Até à data, Portugal apenas dispõe de recursos energéticos endógenos sob a forma de energias renováveis. O seu aproveitamento sob a forma de eletricidade ou calor/frio são, do lado da oferta, a única forma de reduzirmos a dependência energética externa. 

RECOMENDAÇÕES

  • Incentivar os aproveitamentos de média/grande escala, incidindo nas tecnologias maduras e competitivas.
  • Apostar, ao nível da pequena escala, nas tecnologias despacháveis com benefícios locais claros (biomassa de proximidade e biogás).
  • Fomentar as tecnologias maduras e competitivas na micro geração (no calor: solar térmico; a prazo, atingindo-se o grid parity (paridade da rede), solar fotovoltaico para eletricidade, potenciado por modelos de negócio tipo net metering [1]).
  • Atrair investimento estrangeiro para projetos de fornecimento de energia limpa em indústrias grandes consumidoras de energia elétrica.

 




[1] Sistemas que permitem o cálculo de créditos, e respetiva compensação, entre a energia gerada pelos microprodutores e a energia consumida a partir da rede.

 

A mudança de paradigma acima preconizada requer capital.

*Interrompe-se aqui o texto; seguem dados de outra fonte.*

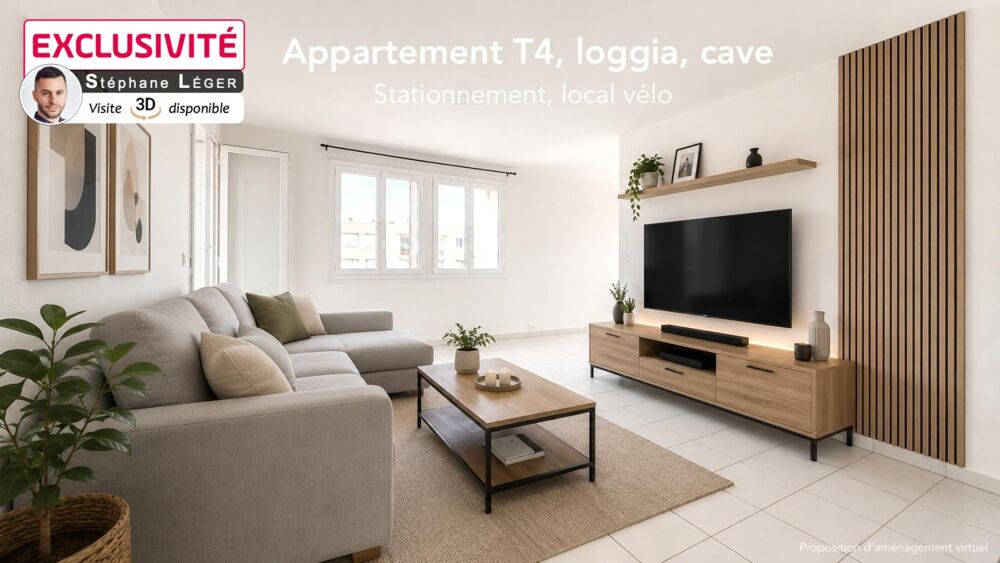 Appartement avec balcon - Montélimar 4 pièce(s) 82 m2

Ao fazê-lo, o sistema energético estará a substituir, com ganho, custos variáveis (tipicamente combustíveis importados) por custos fixos (investimento, desejavelmente com forte incorporação nacional), pelo que estes ganharão peso na estrutura global de custos. Para garantir o êxito desta evolução, importa atrair financiamento a custo competitivo o que, por sua vez, implica estabilidade regulatória e respeito pelos contratos firmados para baixar o risco ao investidor. 

RECOMENDAÇÕES

  • Defender junto das instâncias Europeias a taxação da poluição ambiental, nomeadamente CO2, revertendo os fundos em benefício dos consumidores e para a constituição de um fundo para financiar projetos de eficiência energética.
  • Modular carga fiscal sobre tecnologias em função da sua classe de eficiência energética.

A liberalização dos mercados energéticos é um processo relativamente recente em Portugal, sendo ainda necessário atuar a vários níveis de forma a garantir a sua plena implementação. 

RECOMENDAÇÕES

  • Despolitizar as tarifas de gás e de eletricidade, concretizando a liberalização destes setores.
  • Reforçar a independência dos reguladores face ao poder político, bem como a sua capacidade de atuação – em particular a nível de supervisão – em face da crescente liberalização dos mercados.
  • Aumentar a transparência dos vários mercados de energia, garantindo efetiva concorrência.
  • Promover a integração do mercado nacional (de petróleo, gás natural e eletricidade) em âmbitos regionais cada vez mais alargados – ibérico e europeu.